» Image-caption web data:
----
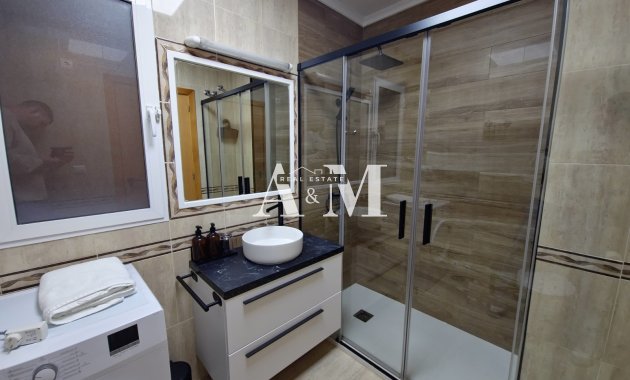 Long Term Rental - Apartment / flat - Guardamar del Segura - Guardamar pueblo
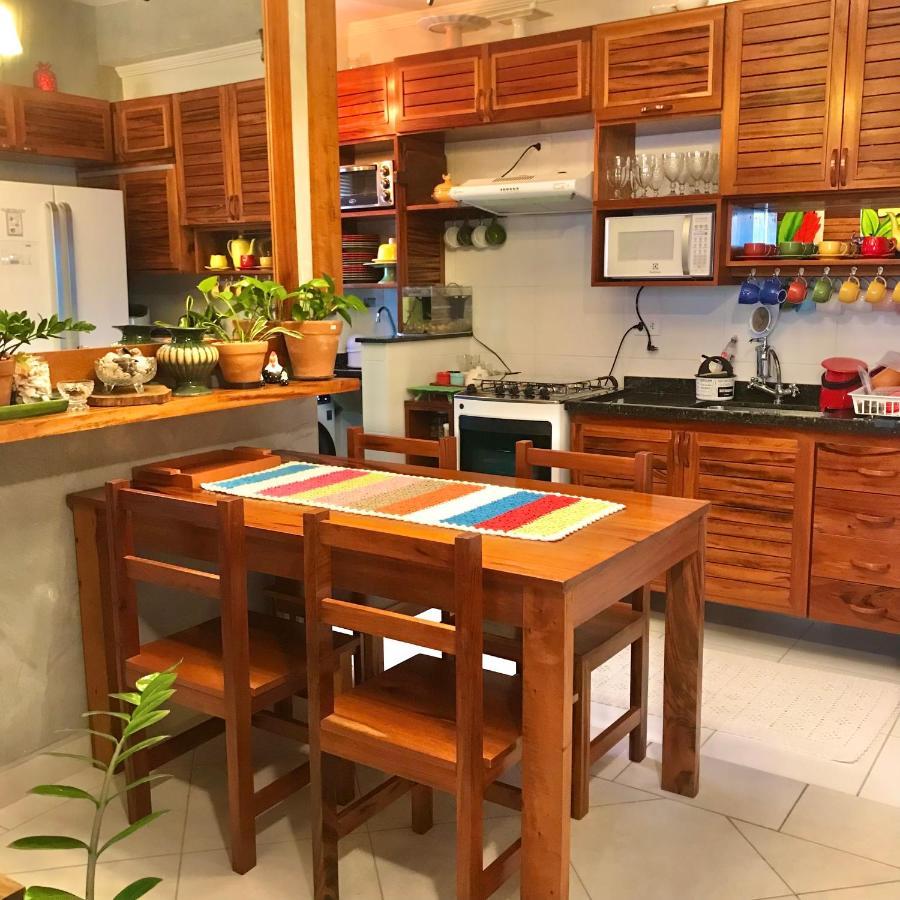 Apartamento Completo No Bairro Itagua Ubatuba Sp المظهر الخارجي الصورة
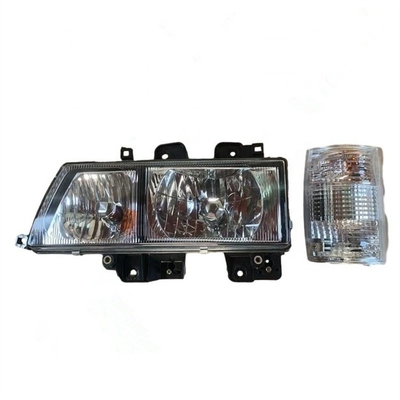 HFC1020 OEM phụ tùng ô tô Bộ đèn pha xe hơi cho mô hình JAC 1025 3711920E0 Đảm bảo
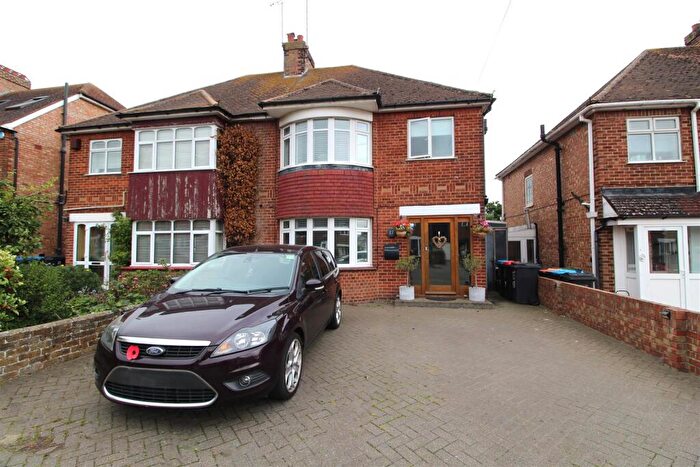 3 Bedroom Semi-Detached House For Sale In Wilfred Road, Ramsgate, CT11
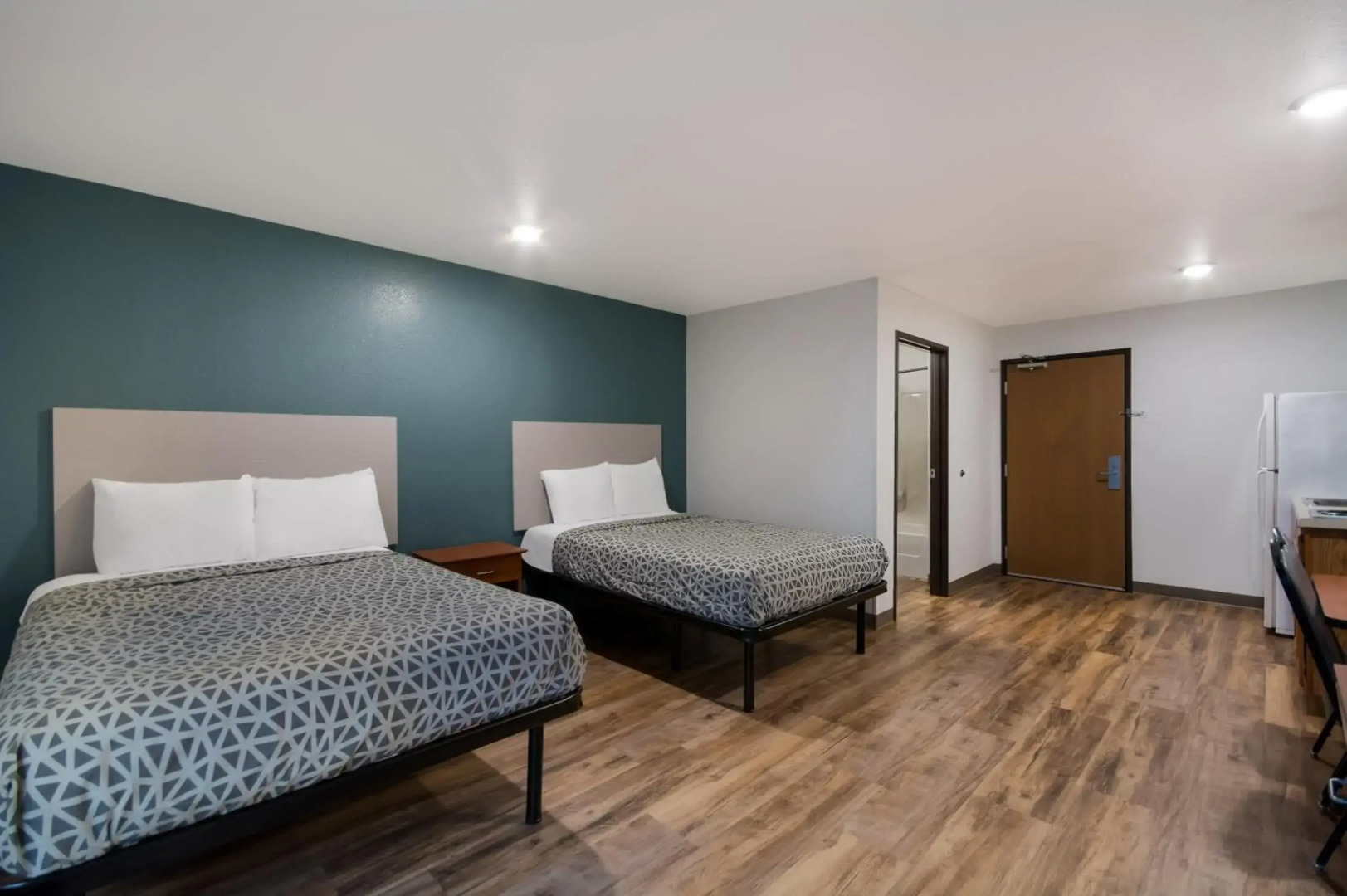 WoodSpring Suites Greenville Central I-85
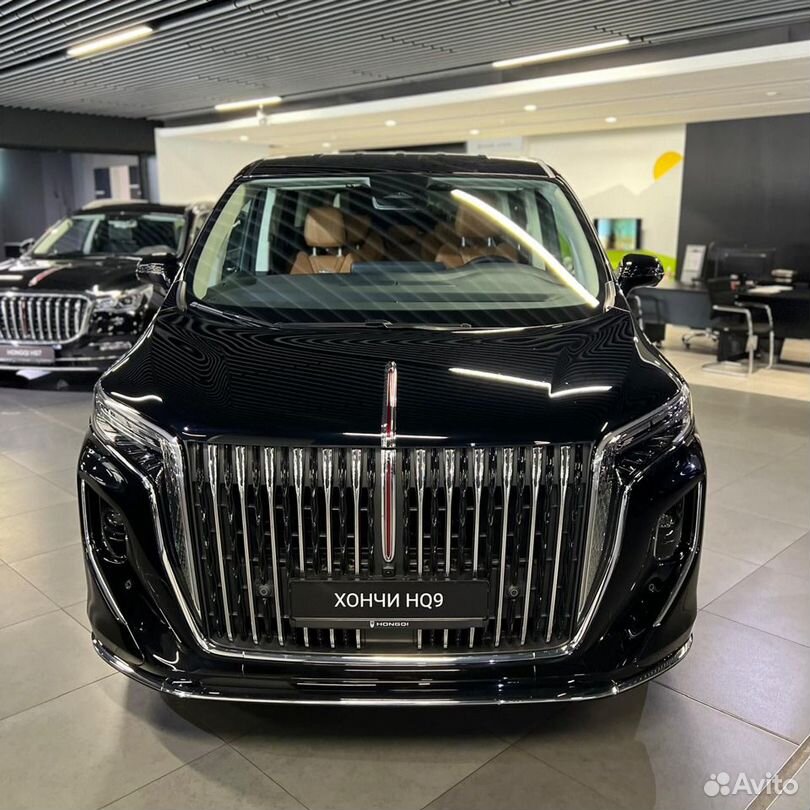 Hongqi HQ9 2.0 AT, 2022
----
» Instructions for the task: Exactness is what counts here: copy each entry as given and omit its pictures.

» Written solution:
 Long Term Rental - Apartment / flat - Guardamar del Segura - Guardamar pueblo
 Apartamento Completo No Bairro Itagua Ubatuba Sp المظهر الخارجي الصورة
 HFC1020 OEM phụ tùng ô tô Bộ đèn pha xe hơi cho mô hình JAC 1025 3711920E0 Đảm bảo
 3 Bedroom Semi-Detached House For Sale In Wilfred Road, Ramsgate, CT11
 WoodSpring Suites Greenville Central I-85
 Hongqi HQ9 2.0 AT, 2022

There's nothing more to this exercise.